Revision Arthroplasty Indian Medical PG Question 10: False about fracture of vertebrae
- A. Fracture dislocation is common in flexion rotation injury
- B. Chance fracture occurs due to flexion distraction injury
- C. Wedge compression causes flexion injury
- D. Anterior longitudinal ligament runs along the posterior surface of vertebral bodies (Correct Answer)
Revision Arthroplasty Explanation: ***Anterior longitudinal ligament runs along the posterior surface of vertebral bodies***
- The **anterior longitudinal ligament (ALL)** runs along the **anterior aspect** of the vertebral bodies, preventing hyperextension.
- The **posterior longitudinal ligament (PLL)** runs along the posterior surface of the vertebral bodies, within the vertebral canal.
*Fracture dislocation is common in flexion rotation injury*
- **Flexion-rotation injuries** are highly unstable and frequently lead to **fracture-dislocations** of the vertebral column.
- The combined forces cause significant disruption of both bony and ligamentous structures, increasing the likelihood of displacement.
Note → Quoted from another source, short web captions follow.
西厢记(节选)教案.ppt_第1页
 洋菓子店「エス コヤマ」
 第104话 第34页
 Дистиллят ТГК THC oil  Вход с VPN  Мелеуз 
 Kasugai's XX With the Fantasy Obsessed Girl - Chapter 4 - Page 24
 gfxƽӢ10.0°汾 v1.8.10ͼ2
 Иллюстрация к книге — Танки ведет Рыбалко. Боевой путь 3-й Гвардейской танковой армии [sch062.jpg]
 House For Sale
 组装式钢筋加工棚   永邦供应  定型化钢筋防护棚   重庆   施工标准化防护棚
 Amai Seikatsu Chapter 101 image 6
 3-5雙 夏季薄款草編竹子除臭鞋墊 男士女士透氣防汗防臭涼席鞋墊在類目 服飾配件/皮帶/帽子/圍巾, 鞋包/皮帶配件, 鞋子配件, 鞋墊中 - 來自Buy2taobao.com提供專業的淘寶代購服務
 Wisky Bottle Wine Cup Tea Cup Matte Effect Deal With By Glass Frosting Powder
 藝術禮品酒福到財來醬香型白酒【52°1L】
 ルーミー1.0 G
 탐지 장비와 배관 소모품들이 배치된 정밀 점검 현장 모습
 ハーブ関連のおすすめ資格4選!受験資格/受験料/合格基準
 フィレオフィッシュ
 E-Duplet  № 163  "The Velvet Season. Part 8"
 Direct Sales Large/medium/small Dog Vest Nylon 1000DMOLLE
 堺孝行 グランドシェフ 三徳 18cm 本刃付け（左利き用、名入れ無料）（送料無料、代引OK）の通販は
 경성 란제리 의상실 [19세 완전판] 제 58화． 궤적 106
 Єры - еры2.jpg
*Chance fracture occurs due to flexion distraction injury*
- A **Chance fracture** (or seatbelt fracture) is caused by a **flexion-distraction injury**, typically seen in individuals wearing lap belts during deceleration.
- This mechanism results in a horizontal splitting of the vertebral body and posterior elements.
*Wedge compression causes flexion injury*
- A **wedge compression fracture** is the most common type of vertebral fracture and results from a **flexion injury** (hyperflexion).
- The anterior portion of the vertebral body collapses, creating a wedge shape, while the posterior column remains intact.